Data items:
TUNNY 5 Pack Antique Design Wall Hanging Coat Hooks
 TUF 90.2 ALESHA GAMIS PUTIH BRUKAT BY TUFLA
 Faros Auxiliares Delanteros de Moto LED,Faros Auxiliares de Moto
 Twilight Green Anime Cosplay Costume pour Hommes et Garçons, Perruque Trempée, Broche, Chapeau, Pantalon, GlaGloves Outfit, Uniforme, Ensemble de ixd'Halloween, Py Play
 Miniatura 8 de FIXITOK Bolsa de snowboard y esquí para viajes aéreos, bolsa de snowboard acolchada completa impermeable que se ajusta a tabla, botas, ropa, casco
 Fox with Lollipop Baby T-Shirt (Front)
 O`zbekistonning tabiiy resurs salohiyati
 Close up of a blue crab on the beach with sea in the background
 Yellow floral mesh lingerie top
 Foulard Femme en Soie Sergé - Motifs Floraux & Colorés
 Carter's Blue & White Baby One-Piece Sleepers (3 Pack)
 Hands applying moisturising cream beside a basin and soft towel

__Task requirements__: Starting at the line that contains "Twilight Green Anime" and stopping after the line that contains "Miniatura 8 de", write out every line exactly as it appears above, and no other line.

__Solution to the exercise__:
 Twilight Green Anime Cosplay Costume pour Hommes et Garçons, Perruque Trempée, Broche, Chapeau, Pantalon, GlaGloves Outfit, Uniforme, Ensemble de ixd'Halloween, Py Play
 Miniatura 8 de FIXITOK Bolsa de snowboard y esquí para viajes aéreos, bolsa de snowboard acolchada completa impermeable que se ajusta a tabla, botas, ropa, casco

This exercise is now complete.